In the midst of Thompson's sudden attack on the A.G.'s Office, Rep. Burrell put on a brave face, backed his man Jack, and tried to play the role of peacemaker.
"Historically," Burrell said, "we Louisianans are known ourselves to be a little testy at times, just enough to get the old blood boiling. Hopefully, the additional adrenaline and testosterone being displayed here may be just the extra 'uh' needed in the upcoming 'cockfight' over the constitutionally of this bill."
Adrenaline and testosterone and cockfights? Oh, my!
While the Louisiana situation is fascinating in much the same way that train wrecks are, it also raises many questions. For now, the A.G.'s office must soldier on, defending Thompson's law through gritted teeth. I can't imagine they're too thrilled about it, but they are professionals and will do what needs to be done. The governor's office certainly is not going to pull Foti and Guidry off the case.

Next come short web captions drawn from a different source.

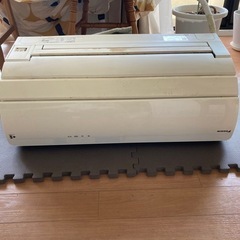 値下げ！！うるるとさらら　2014年製エアコン　16畳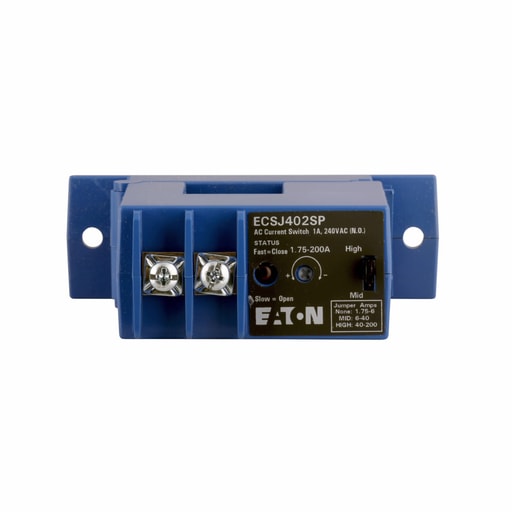 Cutler-Hammer / Eaton - ETN ECSJ402SP PWR SENSOR,CURR,NO,AC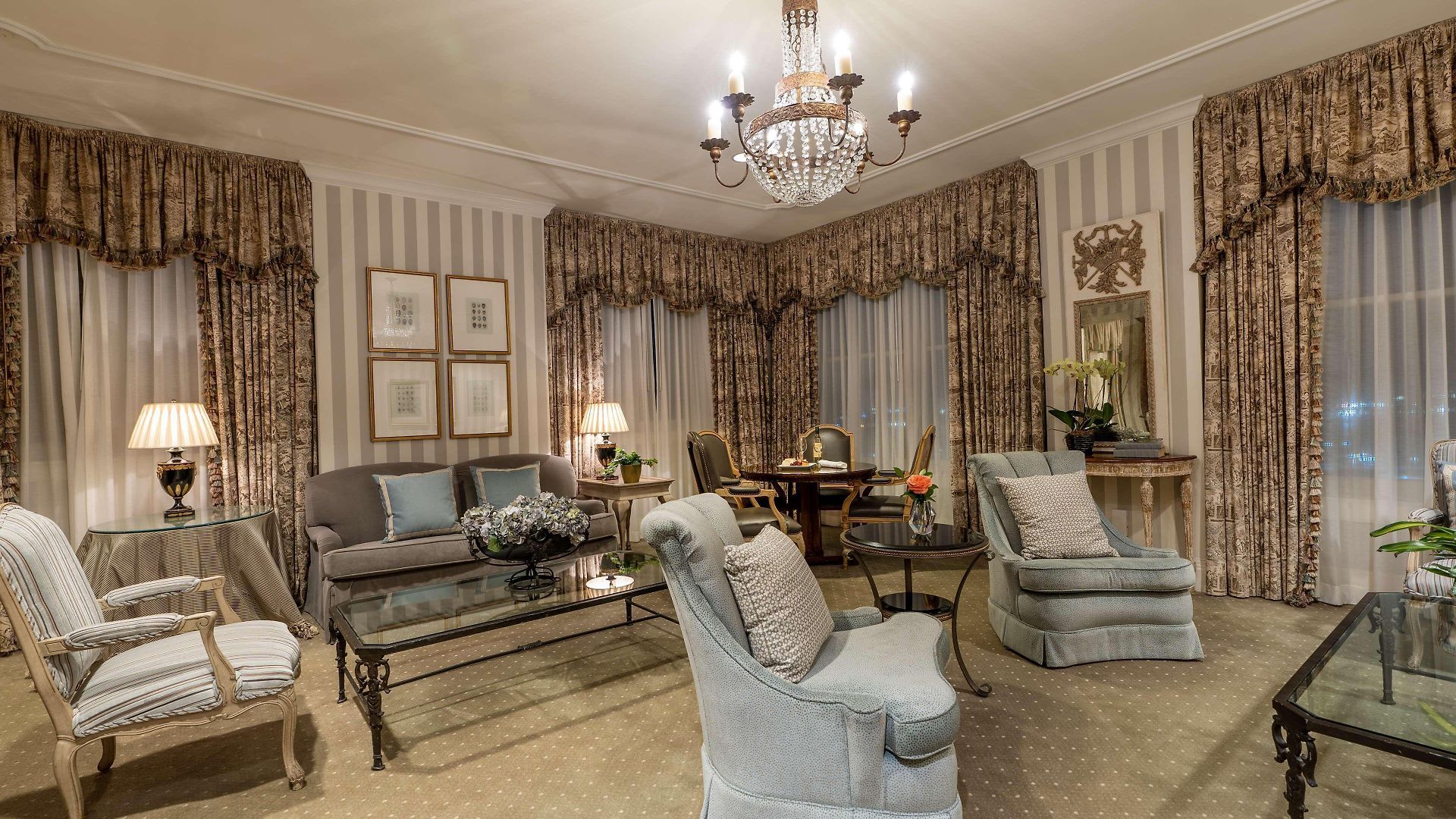 Monteleone Hotel New Orleans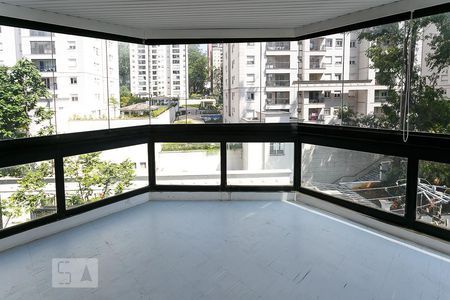 Apartamento para alugar com 198m², 3 quartos e 2 vagasVaranda Sala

Despite his conciliatory statements, Rep. Burrell has to be wondering what he's gotten himself into. While Jack Thompson is just passing through Louisiana, Burrell, Foti, Guidry and Gov. Blanco all have to work together long after this particular storm subsides.
As for the Louisiana video game law itself, the case remains under review by Judge Brady. A temporary restraining order blocks it from being enforced. Expect a ruling soon on the industry's request for a temporary injunction.
And don't think for a minute that the political fireworks are over in Louisiana.